Geometric attitude estimation for small satellites

• Main Author: Valpiani, James M.
• Published: University of Surrey 2007
• Subjects: 629.4370285
• Online Access: http://ethos.bl.uk/OrderDetails.do?uin=uk.bl.ethos.441731

Increasing satellite attitude requirements demand high accuracy estimation methods capable of operating under significant constraints. To meet these demands, dynamical modeling has been used as an effective alternative to ADCS rate hardware for small satellite missions. However, current dynamical models and estimators generally do not respect the Hamiltonian nature of attitude dynamics. This nature confers unique geometric properties to the system which must be preserved for accurate modeling. This thesis addresses the inconsistency by considering estimation from a geometric point of view. It proves that the nonlinear and first-order attitude equations form a single Hamiltonian system with joint structure. This motivates the first known unified geometric treatment of nonlinear and first-order Hamiltonian equations. The resulting nonlinear maps and state transition matrices are shown to offer considerable advantages, including better state accuracies and integral invariant preservation for comparable computational expense compared to standard solutions of the same order. Additionally, a new unified attitude integrator is presented that exactly preserves the Hamiltonian structure of the nonlinear/first-order attitude system. These geometric methods are employed in the Kalman Filter, and it is demonstrated that qualitative properties preserved by the geometric maps are preserved with high accuracy by the estimators.

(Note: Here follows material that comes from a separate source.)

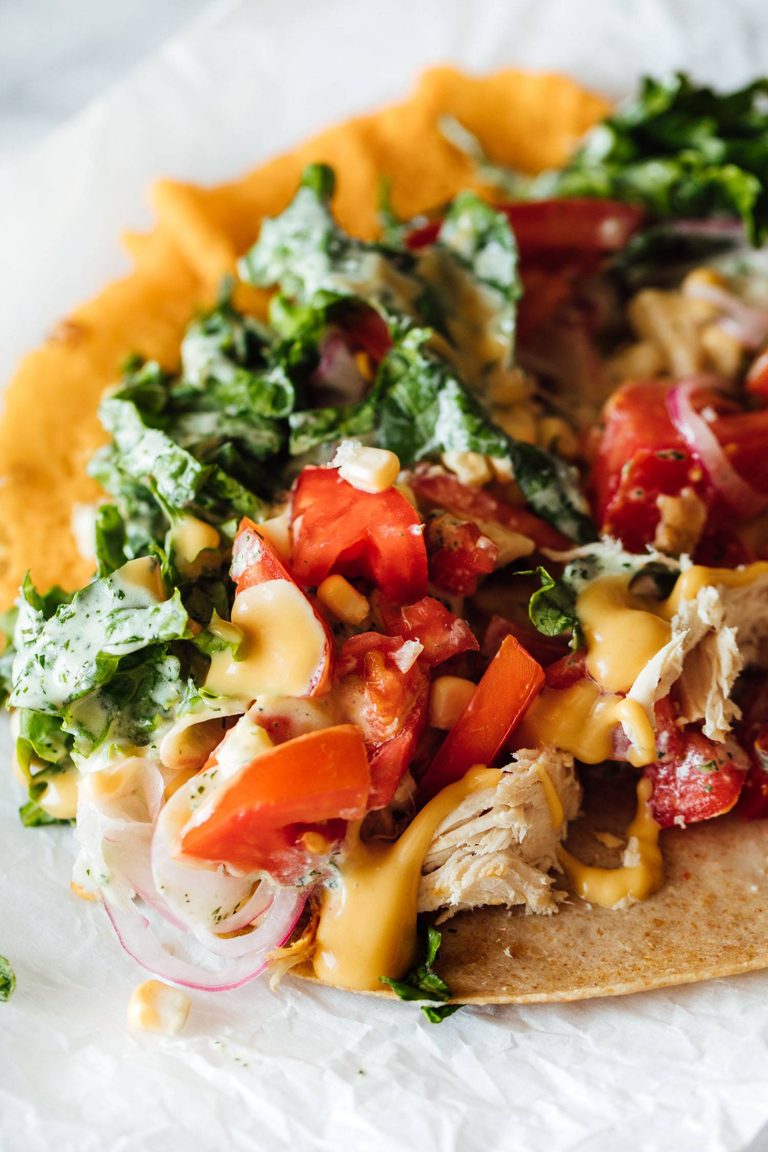 Chicken wraps with tomatoes and kale.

Simulations reveal distinct geometric properties of the geometric filters' state estimates and error bounds that nongeometric estimators do not possess. Substantially improved state estimates are also demonstrated. A geometric investigation of the general nonlinear estimation problem follows. Probability density functions are shown to be conserved properties of deterministic Hamiltonian systems, and appropriate geometric integrators exactly preserve the functions as they evolve in time. Based on these insights, a new iterative filter is derived which preserves qualitative properties of nonlinear dynamics, first-order dynamics, and the general estimation problem. Comparisons with a benchmark iterative filter demonstrate substantially reduced computational burden and superior convergence properties given high nonlinearity.